> _Task details_:
Beginning at the line that contains "Gabbiano - Heren" and finishing at the line that contains "Pack of 2 The", output the data below exactly. Include both end lines and no pictures.
*** Source data Section Begins ***
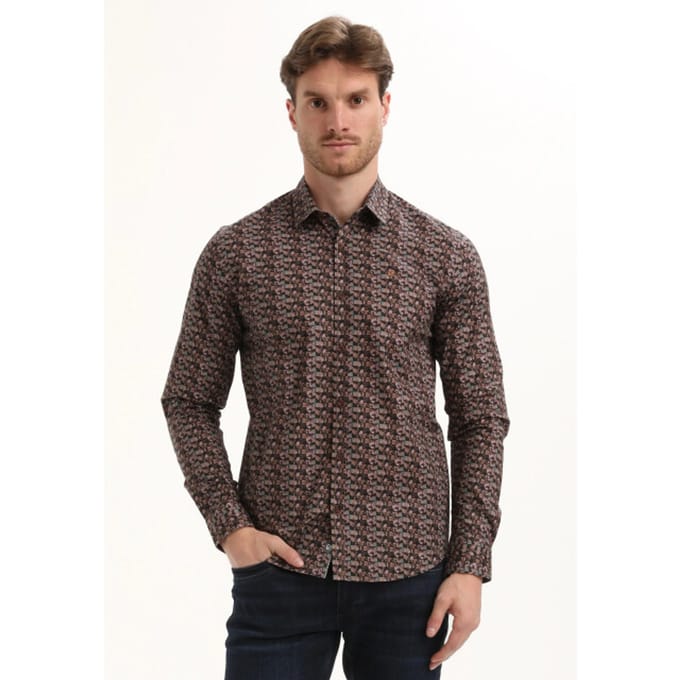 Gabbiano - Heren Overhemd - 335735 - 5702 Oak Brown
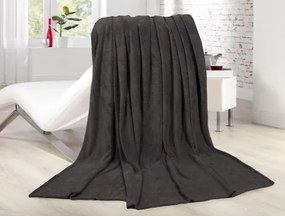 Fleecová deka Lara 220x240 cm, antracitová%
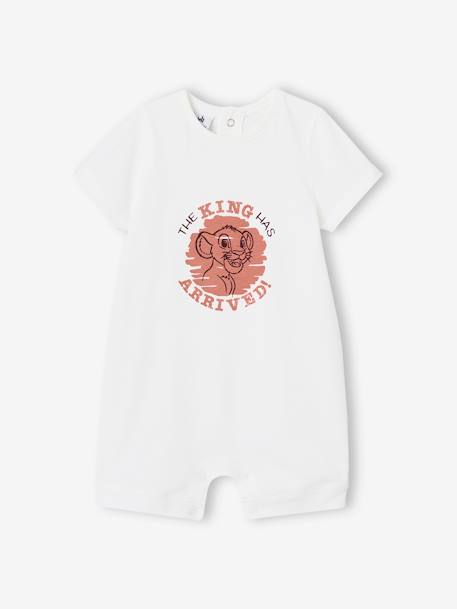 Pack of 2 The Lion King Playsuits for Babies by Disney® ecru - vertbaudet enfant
*** Source data Section Ends ***
*** Source data Section Begins ***
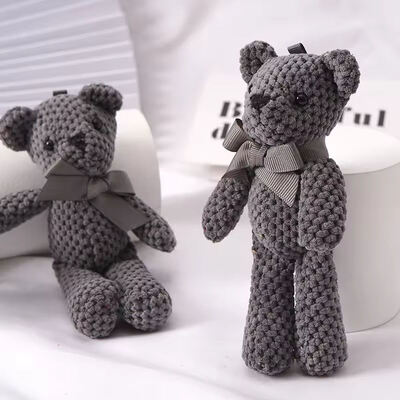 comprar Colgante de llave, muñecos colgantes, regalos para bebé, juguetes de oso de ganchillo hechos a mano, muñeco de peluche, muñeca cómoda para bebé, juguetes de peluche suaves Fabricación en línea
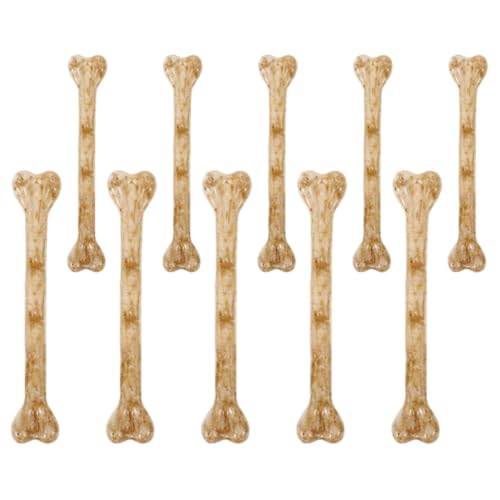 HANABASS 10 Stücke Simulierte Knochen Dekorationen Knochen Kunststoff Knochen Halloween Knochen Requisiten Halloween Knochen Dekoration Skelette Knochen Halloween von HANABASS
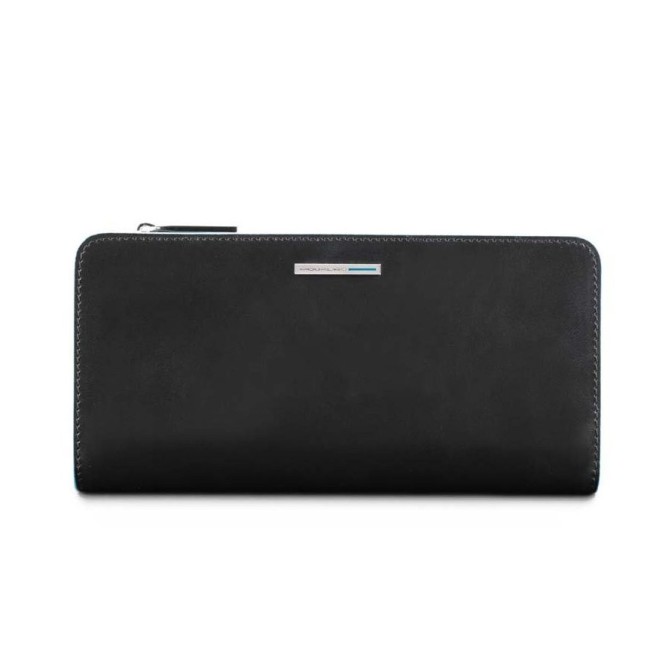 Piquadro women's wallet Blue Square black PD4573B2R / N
*** Source data Section Ends ***
> _Solution for this problem_:
 Gabbiano - Heren Overhemd - 335735 - 5702 Oak Brown
 Fleecová deka Lara 220x240 cm, antracitová%
 Pack of 2 The Lion King Playsuits for Babies by Disney® ecru - vertbaudet enfant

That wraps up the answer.